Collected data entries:
###

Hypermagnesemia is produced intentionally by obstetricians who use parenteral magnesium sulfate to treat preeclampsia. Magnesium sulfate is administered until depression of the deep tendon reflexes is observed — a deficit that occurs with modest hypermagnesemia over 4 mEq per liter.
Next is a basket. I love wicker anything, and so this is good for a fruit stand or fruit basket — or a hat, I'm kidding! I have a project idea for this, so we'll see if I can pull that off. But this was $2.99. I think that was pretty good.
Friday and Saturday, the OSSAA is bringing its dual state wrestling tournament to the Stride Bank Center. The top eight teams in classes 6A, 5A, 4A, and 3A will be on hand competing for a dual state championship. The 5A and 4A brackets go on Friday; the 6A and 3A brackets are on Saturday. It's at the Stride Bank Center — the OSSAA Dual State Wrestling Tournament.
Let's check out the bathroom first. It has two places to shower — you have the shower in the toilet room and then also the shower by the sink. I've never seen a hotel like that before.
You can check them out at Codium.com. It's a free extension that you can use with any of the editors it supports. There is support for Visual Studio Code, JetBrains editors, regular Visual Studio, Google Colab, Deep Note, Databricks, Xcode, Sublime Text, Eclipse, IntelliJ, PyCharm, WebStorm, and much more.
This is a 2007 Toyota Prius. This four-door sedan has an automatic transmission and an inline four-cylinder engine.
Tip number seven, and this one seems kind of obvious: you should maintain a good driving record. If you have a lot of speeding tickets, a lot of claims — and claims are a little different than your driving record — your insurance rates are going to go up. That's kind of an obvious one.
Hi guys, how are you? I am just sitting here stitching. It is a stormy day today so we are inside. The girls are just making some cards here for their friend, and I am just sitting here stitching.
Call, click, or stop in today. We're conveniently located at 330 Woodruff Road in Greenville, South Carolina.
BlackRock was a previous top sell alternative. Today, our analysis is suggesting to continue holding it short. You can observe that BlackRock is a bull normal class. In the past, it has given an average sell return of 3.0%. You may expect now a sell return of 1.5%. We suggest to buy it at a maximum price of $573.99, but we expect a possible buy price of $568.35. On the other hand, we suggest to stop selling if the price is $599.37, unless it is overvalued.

###

Problem requirements:
Search the entries for the word "stop", then copy every line in which it is found.

Problem solution:
Call, click, or stop in today. We're conveniently located at 330 Woodruff Road in Greenville, South Carolina.
BlackRock was a previous top sell alternative. Today, our analysis is suggesting to continue holding it short. You can observe that BlackRock is a bull normal class. In the past, it has given an average sell return of 3.0%. You may expect now a sell return of 1.5%. We suggest to buy it at a maximum price of $573.99, but we expect a possible buy price of $568.35. On the other hand, we suggest to stop selling if the price is $599.37, unless it is overvalued.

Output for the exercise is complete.